ARTE FIERA OBSERVATORY

Silvia Evangelisti
photo

After earning a degree in Modern Literature with a dissertation on the History of Contemporary Art, she received her PhD in Art History in 1989. From 1986 to 2015 she chaired the department of History and Methodology of Art Criticism at the Fine Arts Academy of Bologna. She began working with Arte Fiera in Bologna in 1988, first as a consultant and, from 2003 to 2012, as Artistic Director. From 1983 to 2004 she contributed articles to Il Giornale dell'arte" (Umberto Allemandi Editore, Turin). From 2005 to 2009 she was a member of the Commisione Unicredit per l'Arte. In 2012 she was appointed, by renown, as professor of Historical Avant-garde and Neo-Avant-garde Movements for the Master’s Degree course at the School of Art, Humanities, and Cultural Heritage of the University of Bologna, a role she still covers.
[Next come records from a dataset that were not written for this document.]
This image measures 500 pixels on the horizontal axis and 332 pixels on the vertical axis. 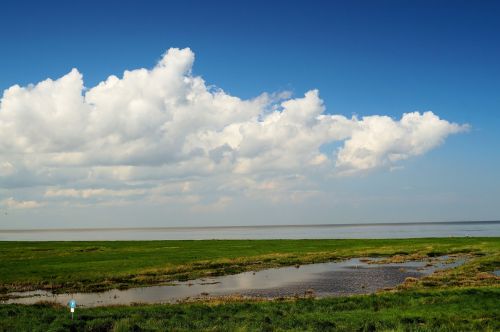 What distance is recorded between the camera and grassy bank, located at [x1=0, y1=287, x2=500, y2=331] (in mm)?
22969

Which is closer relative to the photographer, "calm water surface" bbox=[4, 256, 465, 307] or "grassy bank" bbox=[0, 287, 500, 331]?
"grassy bank" bbox=[0, 287, 500, 331]

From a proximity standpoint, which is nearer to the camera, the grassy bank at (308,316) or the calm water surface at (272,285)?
the grassy bank at (308,316)

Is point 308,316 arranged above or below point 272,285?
above

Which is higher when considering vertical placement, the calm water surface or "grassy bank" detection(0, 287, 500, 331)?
"grassy bank" detection(0, 287, 500, 331)

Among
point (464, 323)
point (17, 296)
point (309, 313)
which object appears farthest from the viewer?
point (17, 296)

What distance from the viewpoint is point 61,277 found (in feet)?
165

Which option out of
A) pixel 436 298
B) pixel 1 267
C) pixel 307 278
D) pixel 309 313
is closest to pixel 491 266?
pixel 307 278

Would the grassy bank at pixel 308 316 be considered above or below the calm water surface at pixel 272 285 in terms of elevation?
above

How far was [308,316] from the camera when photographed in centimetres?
2622

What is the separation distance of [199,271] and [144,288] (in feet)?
42.0

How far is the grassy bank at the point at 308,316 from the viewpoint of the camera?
22969 millimetres

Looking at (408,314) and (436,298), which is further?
(436,298)

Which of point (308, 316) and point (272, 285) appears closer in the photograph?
point (308, 316)

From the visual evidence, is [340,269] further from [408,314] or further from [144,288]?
[408,314] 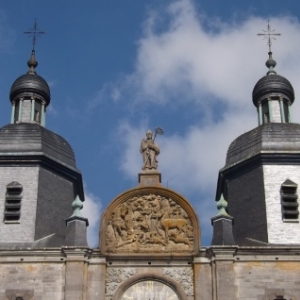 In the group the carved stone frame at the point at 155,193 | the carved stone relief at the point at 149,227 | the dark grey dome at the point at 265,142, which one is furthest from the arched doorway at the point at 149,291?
the dark grey dome at the point at 265,142

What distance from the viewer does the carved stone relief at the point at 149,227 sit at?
3070cm

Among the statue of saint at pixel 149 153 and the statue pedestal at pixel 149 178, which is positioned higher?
the statue of saint at pixel 149 153

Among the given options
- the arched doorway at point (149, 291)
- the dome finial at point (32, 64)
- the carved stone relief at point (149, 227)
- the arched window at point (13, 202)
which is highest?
the dome finial at point (32, 64)

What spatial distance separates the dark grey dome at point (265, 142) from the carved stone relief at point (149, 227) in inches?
151

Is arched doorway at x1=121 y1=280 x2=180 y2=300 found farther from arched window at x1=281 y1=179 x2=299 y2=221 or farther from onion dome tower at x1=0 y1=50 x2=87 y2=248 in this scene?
arched window at x1=281 y1=179 x2=299 y2=221

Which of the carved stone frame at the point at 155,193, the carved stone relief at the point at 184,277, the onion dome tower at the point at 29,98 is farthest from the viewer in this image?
the onion dome tower at the point at 29,98

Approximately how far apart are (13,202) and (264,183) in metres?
8.25

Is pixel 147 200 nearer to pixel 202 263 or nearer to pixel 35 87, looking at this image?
pixel 202 263

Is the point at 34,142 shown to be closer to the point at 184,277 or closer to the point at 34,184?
the point at 34,184

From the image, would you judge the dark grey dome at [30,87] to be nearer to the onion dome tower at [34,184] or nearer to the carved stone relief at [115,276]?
the onion dome tower at [34,184]

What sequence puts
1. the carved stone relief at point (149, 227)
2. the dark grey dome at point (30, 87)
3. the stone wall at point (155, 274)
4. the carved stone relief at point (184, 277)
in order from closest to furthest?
1. the stone wall at point (155, 274)
2. the carved stone relief at point (184, 277)
3. the carved stone relief at point (149, 227)
4. the dark grey dome at point (30, 87)

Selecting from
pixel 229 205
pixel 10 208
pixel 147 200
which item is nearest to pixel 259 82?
pixel 229 205

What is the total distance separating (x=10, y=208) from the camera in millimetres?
32438

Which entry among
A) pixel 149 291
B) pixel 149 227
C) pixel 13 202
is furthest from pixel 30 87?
pixel 149 291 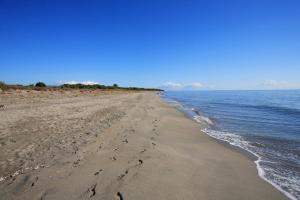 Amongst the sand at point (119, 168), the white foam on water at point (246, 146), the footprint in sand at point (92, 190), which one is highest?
the footprint in sand at point (92, 190)

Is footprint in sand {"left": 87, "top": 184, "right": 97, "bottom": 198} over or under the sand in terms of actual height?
over

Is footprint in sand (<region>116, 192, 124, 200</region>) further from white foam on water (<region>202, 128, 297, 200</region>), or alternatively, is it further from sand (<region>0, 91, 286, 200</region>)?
white foam on water (<region>202, 128, 297, 200</region>)

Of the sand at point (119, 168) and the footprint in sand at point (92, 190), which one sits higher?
the footprint in sand at point (92, 190)

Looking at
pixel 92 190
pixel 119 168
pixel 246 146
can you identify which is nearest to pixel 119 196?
pixel 92 190

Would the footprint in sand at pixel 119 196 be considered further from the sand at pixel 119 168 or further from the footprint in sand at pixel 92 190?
the footprint in sand at pixel 92 190

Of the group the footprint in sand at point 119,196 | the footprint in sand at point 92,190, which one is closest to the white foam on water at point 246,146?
the footprint in sand at point 119,196

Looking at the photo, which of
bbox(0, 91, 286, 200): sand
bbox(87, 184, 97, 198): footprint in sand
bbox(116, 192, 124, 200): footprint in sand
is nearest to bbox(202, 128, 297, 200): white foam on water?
bbox(0, 91, 286, 200): sand

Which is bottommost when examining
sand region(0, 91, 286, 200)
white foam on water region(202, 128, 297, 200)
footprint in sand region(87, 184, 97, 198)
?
white foam on water region(202, 128, 297, 200)

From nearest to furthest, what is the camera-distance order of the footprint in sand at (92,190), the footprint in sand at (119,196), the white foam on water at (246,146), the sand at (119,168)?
the footprint in sand at (119,196) < the footprint in sand at (92,190) < the sand at (119,168) < the white foam on water at (246,146)

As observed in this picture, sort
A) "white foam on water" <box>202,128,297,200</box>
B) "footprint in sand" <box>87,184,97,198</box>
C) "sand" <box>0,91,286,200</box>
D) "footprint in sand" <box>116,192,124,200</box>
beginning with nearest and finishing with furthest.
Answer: "footprint in sand" <box>116,192,124,200</box> → "footprint in sand" <box>87,184,97,198</box> → "sand" <box>0,91,286,200</box> → "white foam on water" <box>202,128,297,200</box>

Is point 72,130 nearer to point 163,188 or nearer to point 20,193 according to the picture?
point 20,193

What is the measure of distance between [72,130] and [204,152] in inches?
249

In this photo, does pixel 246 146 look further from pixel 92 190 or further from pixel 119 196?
pixel 92 190

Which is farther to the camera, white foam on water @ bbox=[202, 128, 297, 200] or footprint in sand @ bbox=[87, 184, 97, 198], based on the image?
white foam on water @ bbox=[202, 128, 297, 200] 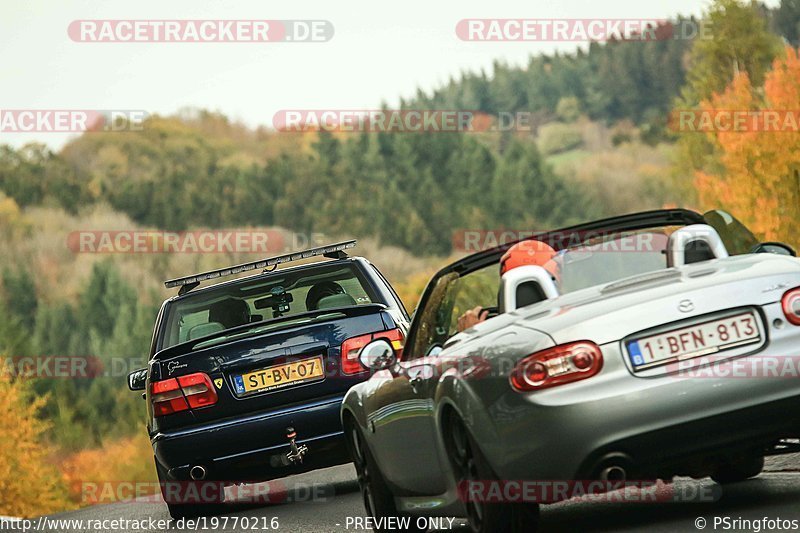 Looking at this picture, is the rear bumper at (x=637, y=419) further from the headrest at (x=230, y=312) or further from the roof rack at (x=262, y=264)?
the headrest at (x=230, y=312)

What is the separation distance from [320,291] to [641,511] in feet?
17.0

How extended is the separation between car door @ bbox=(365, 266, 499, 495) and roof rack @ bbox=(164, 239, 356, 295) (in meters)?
4.40

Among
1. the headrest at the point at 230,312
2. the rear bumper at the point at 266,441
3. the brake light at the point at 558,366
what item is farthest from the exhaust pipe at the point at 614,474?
the headrest at the point at 230,312

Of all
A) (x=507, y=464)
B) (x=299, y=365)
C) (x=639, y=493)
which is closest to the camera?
(x=507, y=464)

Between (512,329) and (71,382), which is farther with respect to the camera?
(71,382)

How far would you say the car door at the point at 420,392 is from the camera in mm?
7805

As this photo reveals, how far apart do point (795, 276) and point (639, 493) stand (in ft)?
11.3

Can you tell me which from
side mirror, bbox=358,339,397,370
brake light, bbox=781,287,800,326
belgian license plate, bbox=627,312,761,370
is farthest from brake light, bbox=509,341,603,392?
side mirror, bbox=358,339,397,370

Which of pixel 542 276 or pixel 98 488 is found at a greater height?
pixel 542 276

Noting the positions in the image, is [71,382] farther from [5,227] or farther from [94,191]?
[94,191]

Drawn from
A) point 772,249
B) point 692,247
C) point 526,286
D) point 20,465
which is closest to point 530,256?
point 526,286

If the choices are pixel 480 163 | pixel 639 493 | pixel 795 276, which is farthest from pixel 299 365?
pixel 480 163

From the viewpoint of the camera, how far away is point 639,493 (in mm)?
10148

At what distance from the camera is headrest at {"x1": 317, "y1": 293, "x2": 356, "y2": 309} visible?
1302cm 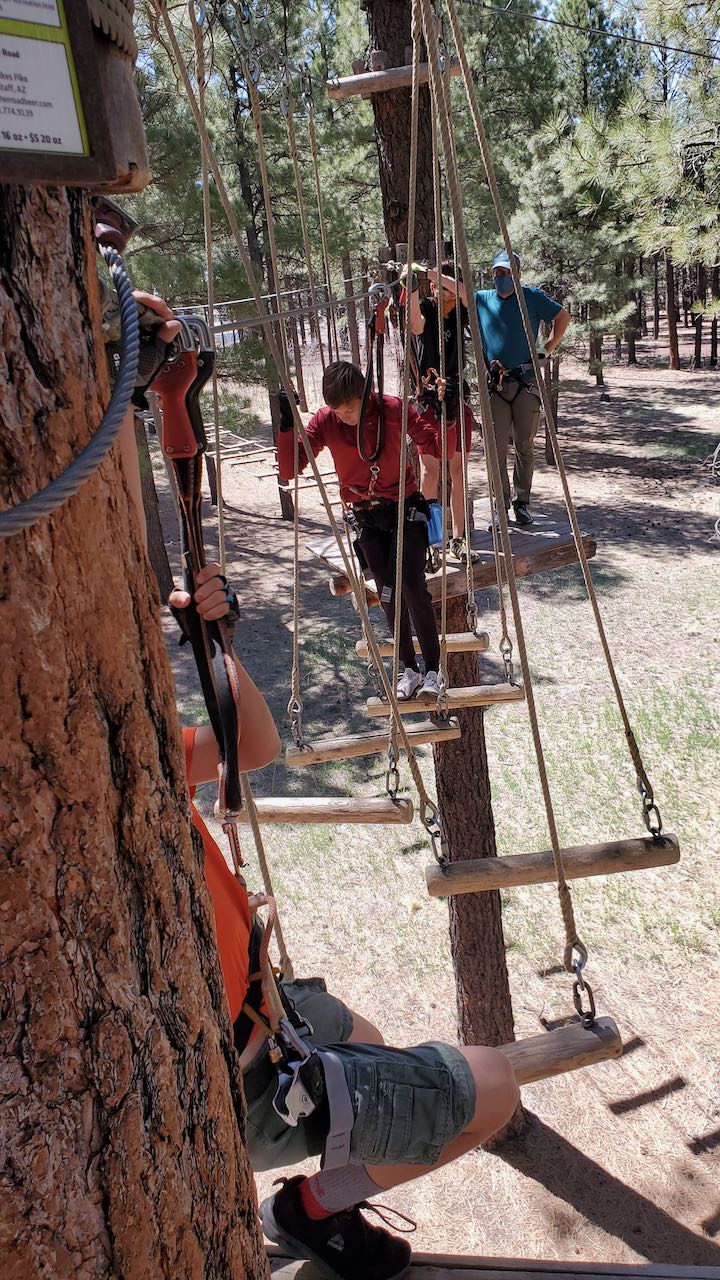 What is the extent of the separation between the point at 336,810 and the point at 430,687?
2.21ft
I’ve “gone to” Arte Fiera ever since its first edition in 1974, when, as a student of modern literature, I worked as a stand assistant to earn a few Lire. Back then the fair was a trade fair, i.e., there were farm machines, bedrooms, stalls that sold sandwiches, etc. in the halls next to the ones that exhibited works of art. My love of contemporary art was ignited by that experience as a stand assistant at the first edition of Arte Fiera.

I had studied medieval and modern art, and I was thrust into a different and amazing world. The first few editions of the fair presented the galleries of Leo Castelli and Ileana Sonnabend, the Malborough, plus Sidney Jannis, John Weber, Anna Canepa, Parasol, Giorgio Marconi, Lia Rumma, Lucio Amelio, and Lucrezia De Domizio. I met, among others, Luigi Carluccio, Robert Rauschenberg and Leo Castelli. I have a very vivid memory of Leo Castelli: that extraordinary man enchanted me with his (proverbial) elegance and charm, even if he couldn’t really be called handsome. I recall his kindness and ability to listen to everyone, answering them in their own language: Italians in Italian, Americans in English, French in French, Germans in German, while simultaneously chatting with his wife Ileana in Hungarian.

Then, for ten years, I worked as a director in international art fairs. Contemporary art fairs run a real risk of approval because they’re always compared to Art Basel. Here in Bologna we stand out because we’re an Italian fair, and Italy’s artistic output is extraordinary, underestimated globally, and without much support.

Arte Fiera is the international showcase of Italian art, and this has been perfectly understood by Simone Menegoi, its current director, with his deputy Gloria Bartoli.

We’re sailing in stormy seas: my hopes and thoughts, and those of my city, are with Arte Fiera.